L’installation laser de la « salle rouge » du LOA, couramment utilisée pour la génération d’harmoniques, est un système entièrement basé sur des cristaux de saphir dopé au titane (Ti:Sa) et utilisant la technique d’amplification à dérive de fréquences (CPA pour Chirped Pulse Amplification) [1]. Il délivre des impulsions de 30 fs environ à une longueur d’onde de 800 nm et une cadence de 1kHz [2]. Cette cadence est particulièrement bien adaptée à la génération d’harmoniques. À 30 fs, des impulsions de quelques millijoules suffisent pour générer efficacement des harmoniques, ce qui permet ces cadences relativement élevées. Le flux de photons harmoniques moyen par seconde est alors augmenté de façon simple par rapport aux lasers de cadence plus faibles. Dans le cadre de nos expériences, l’énergie par impulsion varie de 4 à 7 mJ et le diamètre du faisceau, parallèle en sortie de laser, mesuré au sens des faisceaux gaussiens (1/ e² de l’intensité maximale) est de 22 mm, soit un éclairement d’environ 2mJ/cm² . Dans cette configuration, les intensités laser atteintes restent suffisamment modestes pour permettre de travailler dans l’air, ce qui facilite considérablement les réglages.

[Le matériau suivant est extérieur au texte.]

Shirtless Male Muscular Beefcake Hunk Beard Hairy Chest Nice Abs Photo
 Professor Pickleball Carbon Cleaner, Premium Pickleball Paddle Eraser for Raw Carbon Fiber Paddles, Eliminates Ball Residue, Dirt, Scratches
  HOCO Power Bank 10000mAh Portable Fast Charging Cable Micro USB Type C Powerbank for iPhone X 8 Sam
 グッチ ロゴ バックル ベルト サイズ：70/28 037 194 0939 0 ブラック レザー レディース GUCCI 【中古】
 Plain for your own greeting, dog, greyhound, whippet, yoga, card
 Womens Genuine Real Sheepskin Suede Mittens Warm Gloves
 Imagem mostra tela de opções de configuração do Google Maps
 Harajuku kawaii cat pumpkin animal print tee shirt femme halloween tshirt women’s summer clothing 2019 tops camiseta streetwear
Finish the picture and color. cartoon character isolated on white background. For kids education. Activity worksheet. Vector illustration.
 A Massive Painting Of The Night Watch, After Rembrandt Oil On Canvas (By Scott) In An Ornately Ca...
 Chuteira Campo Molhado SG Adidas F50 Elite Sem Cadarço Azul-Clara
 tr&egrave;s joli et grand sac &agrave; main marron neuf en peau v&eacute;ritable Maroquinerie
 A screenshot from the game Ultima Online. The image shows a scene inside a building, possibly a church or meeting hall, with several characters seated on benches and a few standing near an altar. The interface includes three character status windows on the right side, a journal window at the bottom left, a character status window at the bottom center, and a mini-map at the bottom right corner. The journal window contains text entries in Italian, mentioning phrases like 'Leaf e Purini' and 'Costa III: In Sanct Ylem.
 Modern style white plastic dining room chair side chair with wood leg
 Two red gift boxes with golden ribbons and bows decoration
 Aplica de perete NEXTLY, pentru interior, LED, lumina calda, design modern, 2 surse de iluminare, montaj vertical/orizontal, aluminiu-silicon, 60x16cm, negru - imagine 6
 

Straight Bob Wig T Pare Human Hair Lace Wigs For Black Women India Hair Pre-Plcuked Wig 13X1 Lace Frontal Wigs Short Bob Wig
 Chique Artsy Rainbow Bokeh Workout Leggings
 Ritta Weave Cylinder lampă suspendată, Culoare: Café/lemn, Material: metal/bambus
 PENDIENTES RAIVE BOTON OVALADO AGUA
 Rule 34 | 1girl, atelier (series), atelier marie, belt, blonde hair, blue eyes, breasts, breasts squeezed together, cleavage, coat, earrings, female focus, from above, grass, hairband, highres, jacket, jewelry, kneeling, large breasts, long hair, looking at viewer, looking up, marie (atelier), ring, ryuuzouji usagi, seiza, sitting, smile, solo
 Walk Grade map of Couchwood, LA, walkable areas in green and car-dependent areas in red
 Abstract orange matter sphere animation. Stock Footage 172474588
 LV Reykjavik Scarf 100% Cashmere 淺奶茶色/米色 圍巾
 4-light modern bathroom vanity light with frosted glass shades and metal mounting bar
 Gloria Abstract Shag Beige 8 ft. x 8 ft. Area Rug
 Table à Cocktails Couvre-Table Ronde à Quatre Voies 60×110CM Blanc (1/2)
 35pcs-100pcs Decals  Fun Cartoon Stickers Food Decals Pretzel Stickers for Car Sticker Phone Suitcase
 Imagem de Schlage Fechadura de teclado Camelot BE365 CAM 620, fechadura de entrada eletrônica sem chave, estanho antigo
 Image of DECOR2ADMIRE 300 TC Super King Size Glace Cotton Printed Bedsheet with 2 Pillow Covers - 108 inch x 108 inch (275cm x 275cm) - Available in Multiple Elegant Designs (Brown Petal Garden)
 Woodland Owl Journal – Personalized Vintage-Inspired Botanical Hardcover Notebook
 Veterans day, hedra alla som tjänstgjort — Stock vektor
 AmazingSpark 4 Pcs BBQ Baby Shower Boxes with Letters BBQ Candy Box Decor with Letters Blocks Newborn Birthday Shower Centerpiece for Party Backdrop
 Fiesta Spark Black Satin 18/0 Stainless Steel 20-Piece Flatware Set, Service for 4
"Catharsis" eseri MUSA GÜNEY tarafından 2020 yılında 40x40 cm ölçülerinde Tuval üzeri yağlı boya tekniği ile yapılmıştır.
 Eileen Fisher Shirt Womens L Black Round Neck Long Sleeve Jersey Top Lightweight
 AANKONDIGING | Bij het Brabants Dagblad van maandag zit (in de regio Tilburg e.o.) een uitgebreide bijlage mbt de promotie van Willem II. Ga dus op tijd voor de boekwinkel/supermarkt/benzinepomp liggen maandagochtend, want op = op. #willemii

Les choix technologiques faits sur cette chaîne laser ont des conséquences sur l’efficacité de la génération d’harmoniques. D’abord, celle-ci, en tant qu’effet hautement non linéaire, est très sensible à l’intensité crête atteinte par l’impulsion, intensité elle-même inversement proportionnelle à la durée d’impulsion à énergie fixée. Nous avons également remarqué l’importance de la qualité du contraste de l’impulsion laser, mesuré entre le pic principal et le pied de l’impulsion. En effet, des impulsions parasites d’intensité suffisante pour provoquer une ionisation partielle du milieu gazeux, sans pour autant générer efficacement des harmoniques, peuvent induire des effets complexes de propagation et perturber l’accord de phase au passage de l’impulsion principale . Enfin l’éclairement attendu au foyer du laser dépend fortement de la régularité du front de phase spatiale du faisceau.